The configuration of the integration of the first blade 621 and the third blade 631 as described above has the following advantage. When the contact between the first blade 621 and the second blade 623 and the contact between the third blade 631 and the fourth blade 633 occur at different positions along the second direction X, the opening and closing of the first switch 620 may not interfere with the opening and closing of the second switch 630. This may result in the provision of the switch device 600 with improved operational reliability.

Embodiments disclosed herein provide a switch device that may provide a multi-switching function while having a compact structure and being manufactured at a low manufacturing cost, and a cooking appliance including a switching device.

The purposes are not limited to the above-mentioned purposes. Other purposes and advantages, not mentioned above, may be understood from the above descriptions and more clearly understood from the embodiments. Further, it will be readily appreciated that objects and advantages may be realized by features and combinations thereof as disclosed in the claims.

Embodiments disclosed herein provide a switch device that may include a first switch including a first blade and a second blade configured to contact or non-contact each other, the first switch being configured to be opened or closed based on a contact or non-contact between the first blade and the second blade; a second switch including a third blade and a fourth blade configured to contact or non-contact each other, the second switch being configured to be opened and closed based on a contact or non-contact between the third blade and the fourth blade; a housing for accommodating the first switch and the second switch therein; and an actuator disposed in the housing and actuated to selectively open and close the first switch and the second switch. The first switch and the second switch may be fixedly supported by a support structure disposed on a same plane as a mounting plane for the actuator and positioned in a single inner space.

The actuator may include a first protrusion that presses the first switch in a contact region with the first switch such that the first blade and the second blade are in contact with each other; a second protrusion that presses the second switch in a contact region with the second switch such that the third blade and the fourth blade are in contact with each other; and a rotatable body rotatably mounted on a bottom face of said housing. The first protrusion and the second protrusion may each protrude horizontally outward from an outer circumferential surface of the rotatable body.

The first blade and the third blade may be connected to a common conductor passing through the housing. The second blade may be connected to a first conductor passing through the housing. The common conductor and the first conductor may pass through the single inner space within the housing. The fourth blade may be connected to a second conductor passing through the housing. The common conductor and the first conductor and the second conductor may pass through the single inner space in the housing.

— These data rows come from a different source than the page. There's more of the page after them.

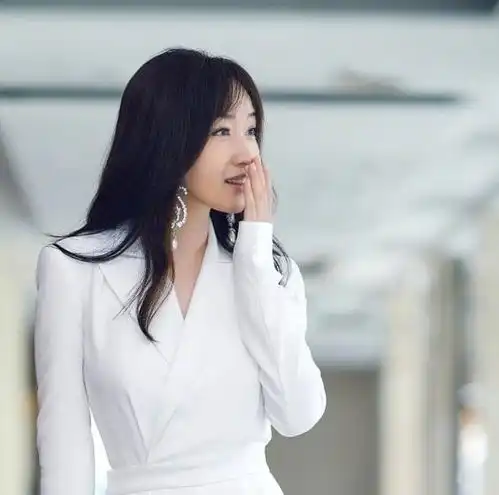 当48岁杨钰莹撞上50岁许晴,才发现女人的美真的与年龄无关
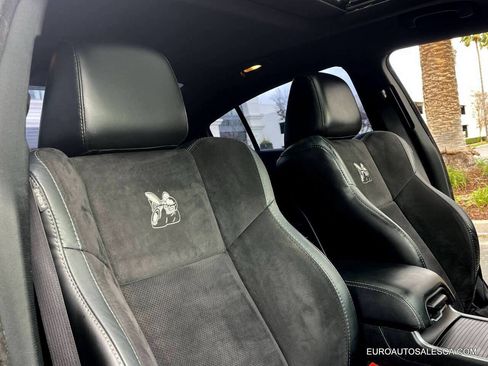 Used 2017 Dodge Charger R/T Scat Pack w/ Technology Group image 44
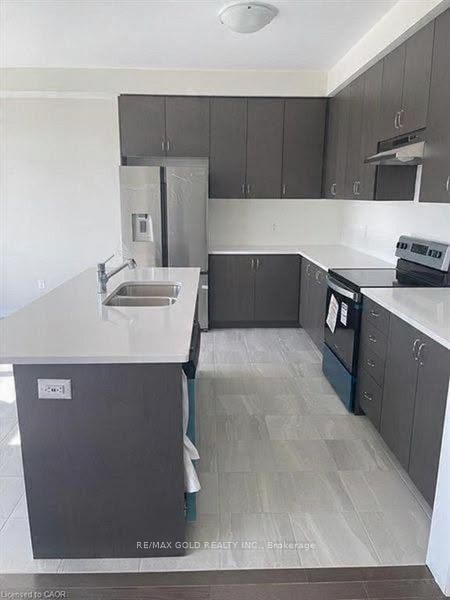 117 Leslie Davis Street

The common conductor may include a first common conductor connected to the first blade and a second common conductor connected to the second blade. The first common conductor and the first conductor may be positioned at one or a first side of a first direction of the housing. The second common conductor and the second conductor may be positioned at the other or a second side of the first direction. The actuator may be positioned between one end and the other side of the first direction. The first blade and the second blade may be positioned at one or a first side of a second direction orthogonal to the first direction. The third blade and the fourth blade may be positioned at the other or a second side of the second direction. The actuator may be positioned between the one end and the other side of the second direction of the housing.

The first blade and the third blade may be integrally connected. The integration of the first blade and the third blade may be connected to a single common conductor.

The first conductor may be positioned at the one side of the first direction of the housing. The common conductor and the second conductor may be positioned at the other side of the first direction. The actuator may be positioned between the one end and the other side of the first direction. The third blade may be connected to the common conductor. The first blade may be connected to the third blade in an inverted-L shape. The first blade and the second blade may be positioned facing each other in the first direction. The third blade and the fourth blade may be positioned facing each other in the second direction.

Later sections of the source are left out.